Landscape Architects: Deer Are Designing Future Look of Forests Abundant Whitetails Munch Through the Underbrush; 'Like the Serengeti Plain'
From the Wall Street Journal. Subscription required, so here's the whole thing.... I saw a little of what deer can do in the little 5 acre nature preserve I managed for several years for my children's elementary school PTA - wildflowers devoured as soon as the buds opened, few bushes except Chinese/Bush honeysuckle and a few other exotic invaders. We only had a 6-deer herd living in the preserve, and coyotes had been seen there by some of the school's neighbors.
The deer rose out of a distant swamp before dawn to browse in a hay field on a recent day. Then, as the sun came up, they made their way into a hillside forest, looking for concealment. But the forest offered few hiding places. It has lots of tall, mature conifers and hardwoods, some 100 years old. Under them, virtually nothing grows -- no seedlings, no saplings, no bushes, and only a few ferns. The floor of this forest, like others around the country, has been stripped clean by whitetail deer.

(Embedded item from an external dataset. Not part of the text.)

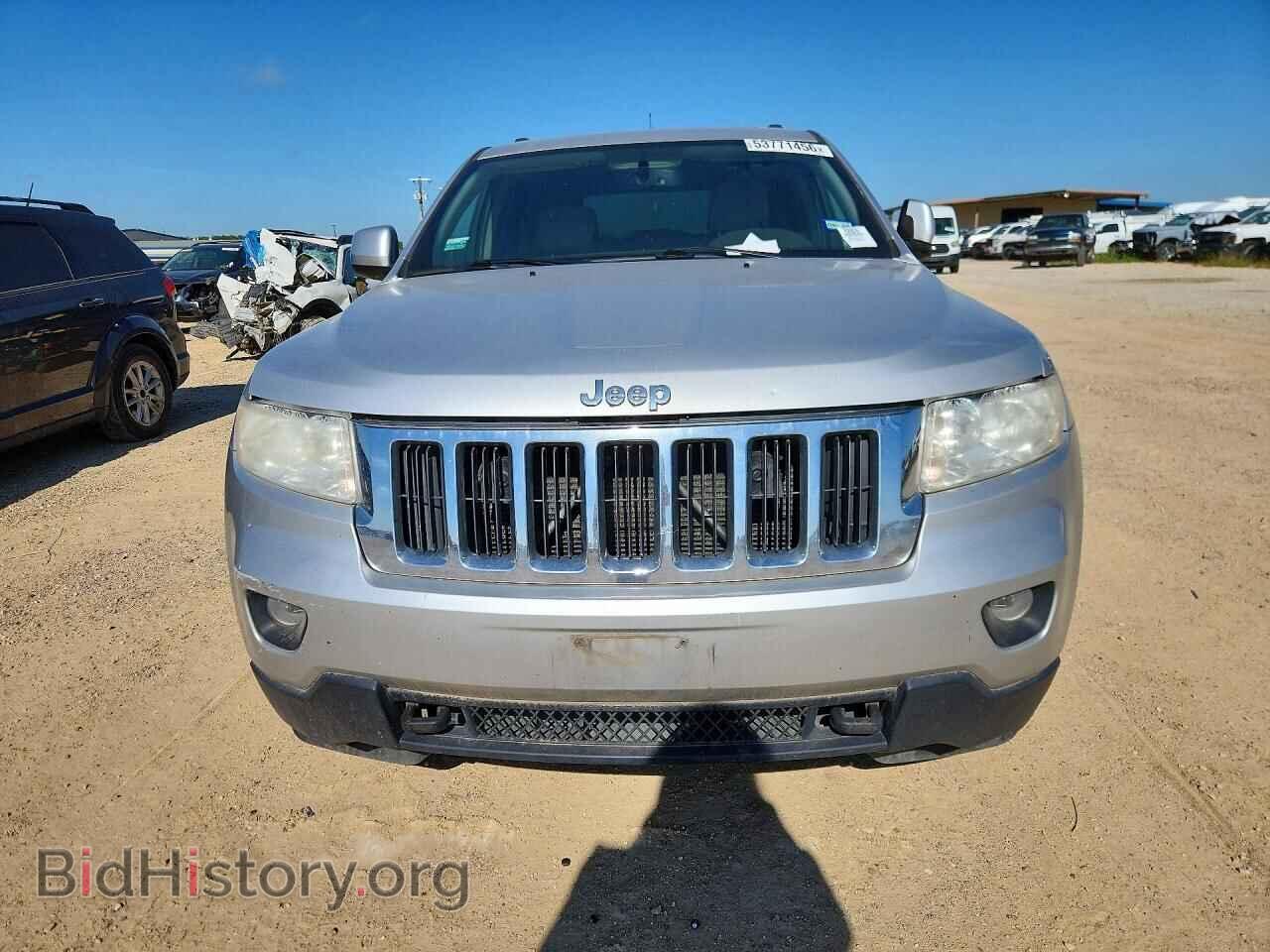 2011 JEEP CHEROKEE - VIN: 1J4RR4GT7BC509843 - Фото 5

It's deer-hunting season across the land -- a time when Americans are reminded that bountiful whitetails have their costs. The Insurance Institute for Highway Safety said earlier this month that animal-vehicle crashes, mostly involving deer, killed more than 200 people last year and caused an estimated $1 billion-plus in property damage. The U.S. Department of Agriculture says deer cause more than $400 million in yearly crop damage, not including home gardens and ornamental shrubbery. But below the radar of most people, whitetails have been eating their way toward a more lasting legacy: They are wreaking ecological havoc in forests across the nation. They have become de facto forest managers, determining today what many forests will look like 100 years from now, say forest experts. "Deer have stopped the regeneration of our forests in many areas," says Peter Pinchot, a Yale-educated director of the 1,400-acre Milford Experimental Forest on the Poconos Plateau in Pennsylvania. That means little trees aren't growing up to eventually replace big trees.

Example: oaks. Deer love acorns. Surviving acorns sprout seedlings. Deer love them, too. Surviving seedlings become saplings. Deer strip them of leaves and bark. They die. Result: no young oaks. Deer also love hickory and white ash, and eschew black birch, American beech and black locust. If they get hungry enough, they'll eat almost anything, and their victims aren't just trees.